BrianH
BrianH

Reputation: 347

How to rebase entire master branch of git repo

I am pretty new to git, so I apologize if this is a simple solution.

I need to rebase the entire master branch of a repo to a feature branch. The repo was made, then someone used master as the first feature branch. So, what I have now is:

A -- B -- C -- D (branch: master)

and what I would like to do is

  A--B--C--D (branch: new-feature)
 /
Z (branch: master)

where Z represents a commit containing just a .gitignore file (or some other "repo-initializing commit" ... I'd even take a blank commit containing no files, but I don't think git likes/allows that).

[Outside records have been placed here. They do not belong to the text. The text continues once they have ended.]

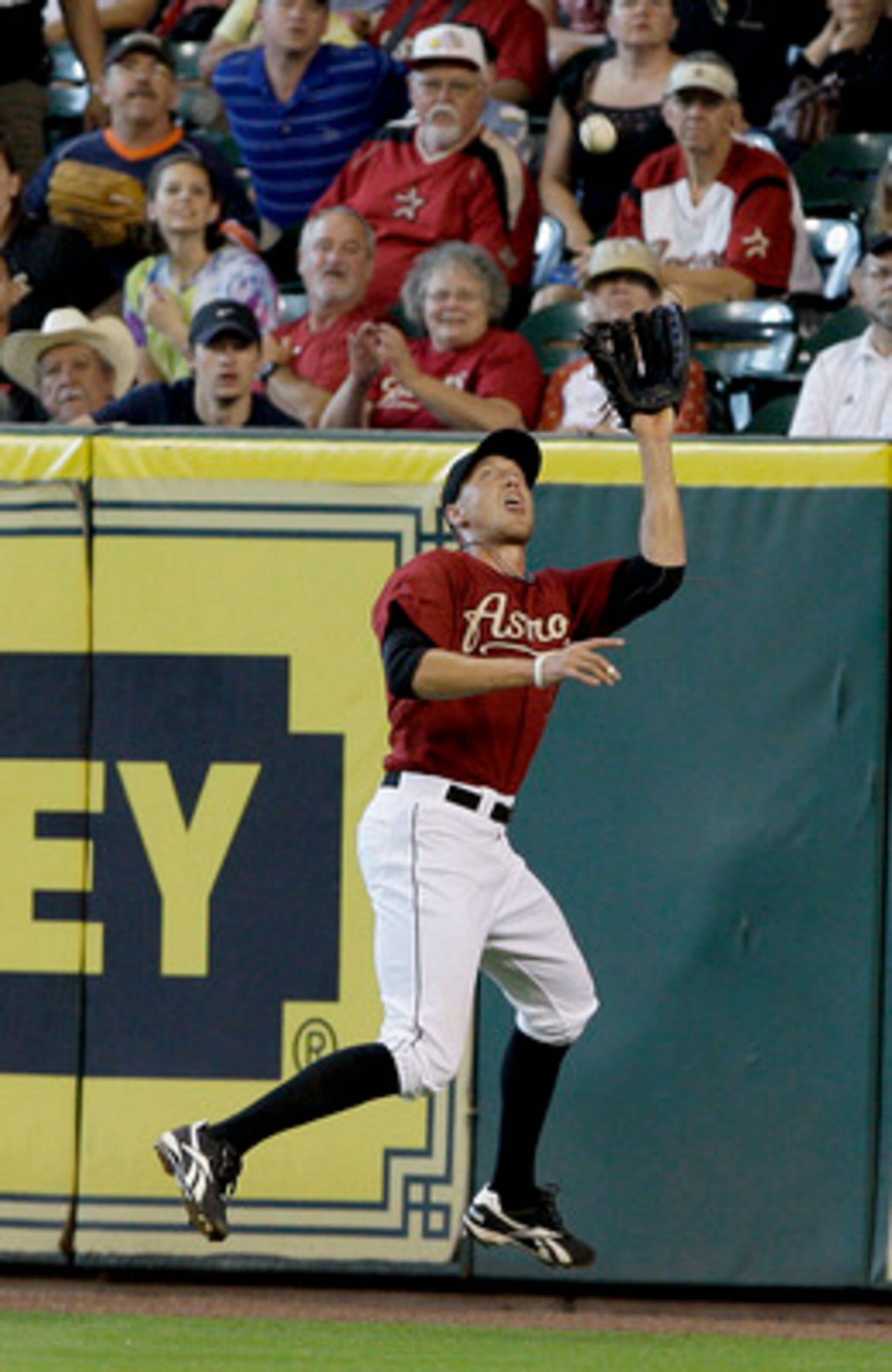 HOUSTON,TX- APRIL 10 : Right fielder Hunter Pence #9 of the Houston Astros catches Wes Helms #18 of the Florida Marlins fly ball on the warning track in the second inning in a MLB baseball game on April 10, 2011 at Minute Maid Park in Houston, Texas. (P HOUSTON,TX- APRIL 10 : Right fielder Hunter Pence #9 of the Houston Astros catches Wes Helms #18 of the Florida Marlins fly ball on the warning track in the second inning in a MLB baseball game on April 10, 2011 at Minute Maid Park in Houston, Texas. (P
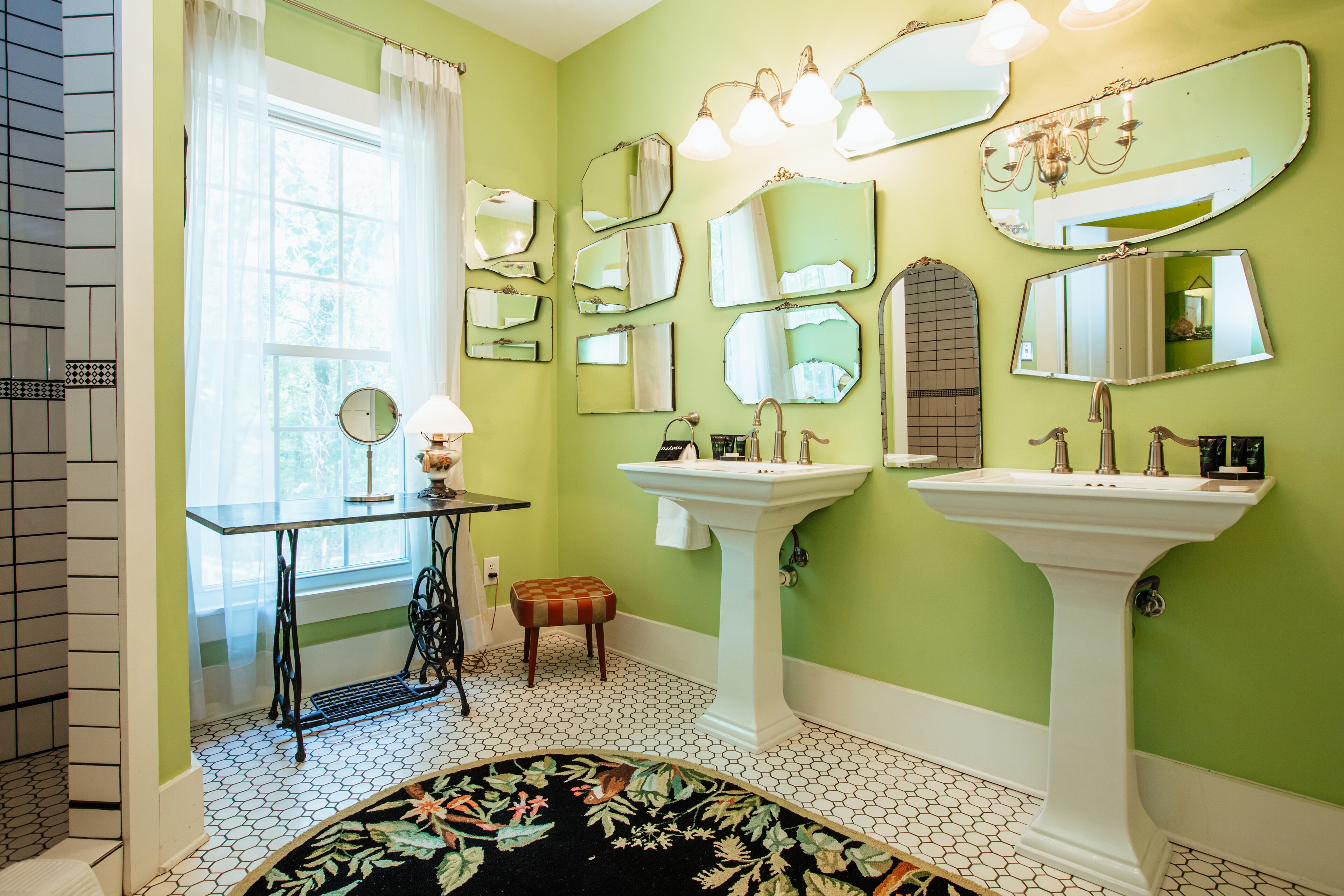 Een badkamer met groene wanden, twee wastafels, meerdere spiegels, een naaimachine en een vloerkleed met dessin.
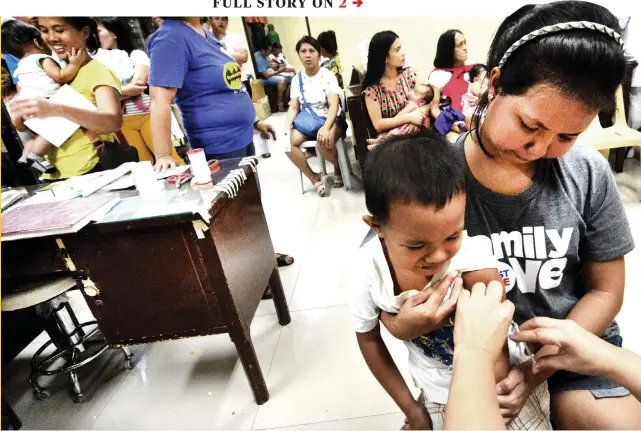  ?? PHOTO BY AMPER CAMPAÑA ?? NOT JUST CHILDREN. Children receive the measles vaccine at the Barangay Guadalupe Health Center in Cebu City. Adults need the vaccine too, according to the Department of Health, which is providing free vaccinatio­n at its grounds in response to the measles outbreak in Central Visayas. Story on 2.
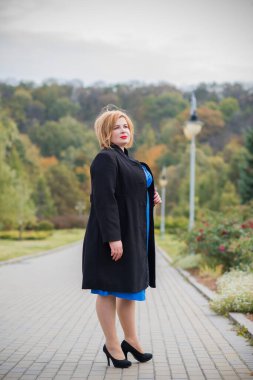 Klasik görünümlü orta yaşlı kadın parka bakıyor, tombul bayanlar için şık bir tarz. Olgun moda artı boyut kadın, orta yaşlı kadın yaşam tarzı kavramı.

I understand how to rebase commits within a branch, so I understand how to do this:

     C--D (branch: new-feature)
    /
A--B (branch: master)

but I have not been able to figure out how to rebase all of master onto a feature branch. I believe the crux of the issue I keep facing is that I don't have any commit to point master at, since there is no Z commit (commit A has partial feature implementation, so I can't use A in place of Z).

Thank you in advance!

Upvotes: 1

Views: 1161

Answers (1)

jthill
jthill

Reputation: 60275

Why bother rebasing? Just merge the new master base at the new feature tip. With master checked out (to provide a decent starting point)

git checkout -B feature
git branch -f master   $(git commit-tree -m 'Initial commit.' `:|git mktree`)
git merge -s ours --allow-unrelated-histories   master

producing

A ... D---E     feature
         /
        Z       master

and now history reflects exactly what happened, everything works.

If you really want to do the rebase, as the doc points out there's a --root option:

git checkout -B feature
git branch -f master   $(git commit-tree -m 'Initial commit.' `:|git mktree`)
git rebase --root --onto master

which will cause heartache if any branches off of the old master (the new feature) exist anywhere.